La potente Gilda spaziale e i suoi navigatori, che la spezia ha trasformato nel corso di oltre 4000 anni, usano il gas arancione della spezia che conferisce loro la capacità di annullare lo spazio, e cioè, di viaggiare in qualsiasi parte dell’universo senza mai muoversi.

La spezia esiste su un solo pianeta nell’intero universo conosciuto. Un arido e desolato pianeta con vasti deserti.

Il pianeta Arrakis è conosciuto anche come Dune (1).”

Senza troppa speculazione e inventiva e togliendo l’aspetto esotico che caratterizza il celeberrimo romanzo: l’umanità, correva l’anno 1989, inventava quanto più di simile esiste alla spezia, ossia la Rete. Il World Wide Web, per come noi lo conosciamo, è al pari della spezia di Frank Herbert un formidabile strumento che in poche decadi ha rivoluzionato i rapporti economici e sociali, cambiando profondamente la società in cui viviamo.

A differenza della spezia, tuttavia, è estremamente facile accedere al World Wide Web: è, infatti, sufficiente munirsi di un dispositivo collegato alla Rete e di una connessione Internet offerta dagli operatori telefonici a costi sempre più economici.

Lungi dall’esistere su un solo remoto e desolato pianeta, sempre più persone sul globo terrestre hanno accesso a questa formidabile tecnologia da cui sono sempre più dipendenti.

La Rete, al pari del Melange, assuefà chi vi si connette che ne diventa sempre più dipendente, a prescindere dal fatto che la connessione al Web sia operata per esigenze personali oppure legate allo svolgimento di un’attività di impresa.

Nell’Universo di Dune, solamente la Gilda Spaziale detiene il monopolio sul commercio della spezia e anche questo dato si presta a un’analogia con il nostro universo.

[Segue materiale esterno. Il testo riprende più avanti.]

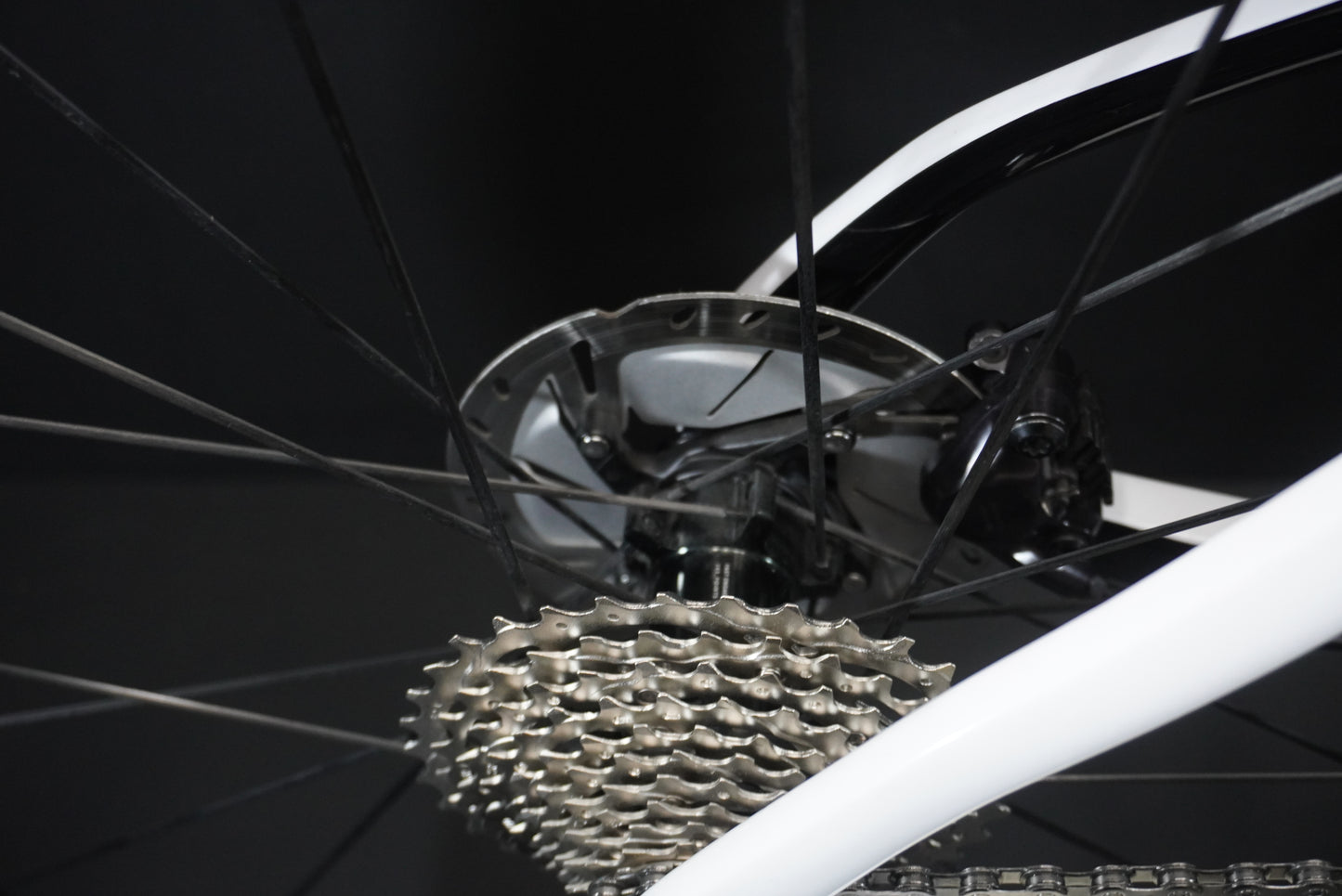 Pinarello Prince TiCR Ultegra Di2 Carbon Disc Road Bike 2022 - 49cm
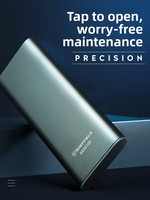 Jeu de tournevis de précision multifonctionnel en acier chromé, 48 pièces, pour téléphone portable, ordinateur portable, élimination des cendres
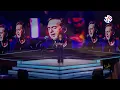 رولا قادري -  قلبي دق | اغنية مروان خوري | طرب مع مروان خوري 2025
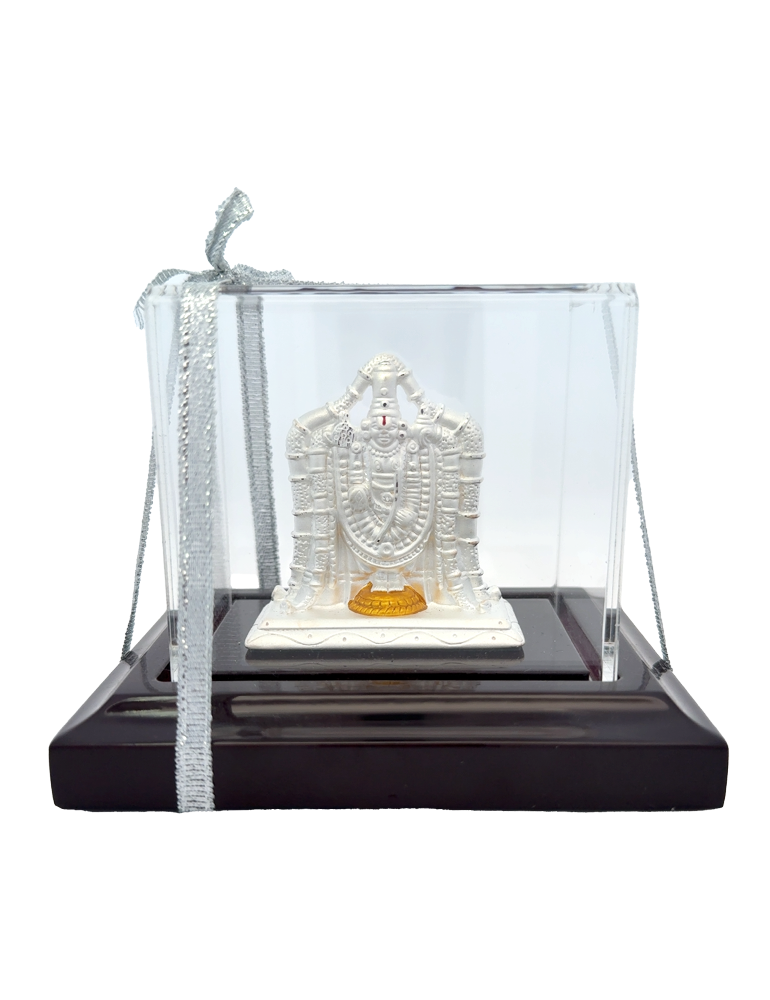 Balaji Idol (999 Fine Gold)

Nel nostro universo, gli intermediari digitali, al pari della Gilda Spaziale, hanno un monopolio di fatto sui servizi della società dell’informazione nell’ambito dei quali dispensano benefici, punizioni ed erogano giustizia sulla base di termini e condizioni che loro stessi hanno stabilito. Si pensi a Google per i servizi di motori di ricerca, ad Amazon per l’E-commerce o, ancora, a Microsoft per i sistemi operativi e gestionali per consumatori e imprese.

La Rete ha cancellato precedenti confini e limiti dettati dallo spazio fisico e ha costruito modalità nuove di produzione e utilizzazione della conoscenza al pari della spezia. I rapporti di produzione, distribuzione e consumo sono stati, quindi, rivoluzionati dalle fondamenta proprio grazie alla possibilità che la Rete offre di condividere informazioni, abbattere spazi e creare occasioni di contatti fra persone fisiche e fra imprese.

L’annullamento dello spazio fisico ha dato luogo ai fenomeni, in contraddizione solo apparente, di disintermediazione e di intermediazione online e ha permesso la concentrazione di un potere economico prima inimmaginabile nelle mani di pochissimi cybermediary che gestiscono piattaforme online il cui utilizzo è diventato fondamentale nelle nostre vite.

Il potere economico di cui dispongono i cybermediary, lungi dal rappresentare sempre un’opportunità per i destinatari dei servizi, può essere utilizzato abusivamente in danno agli utenti commerciali e con effetti non necessariamente benefici per i consumatori. In questo quadro di sviluppo tecnologico ed economico è entrato in crisi il ruolo tradizionale dei cybermediary: prima fornitori passivi di un servizio tecnico, ora più che mai si trovano ad avere un ruolo attivo nella gestione dei contenuti caricati e condivisi dai propri utenti.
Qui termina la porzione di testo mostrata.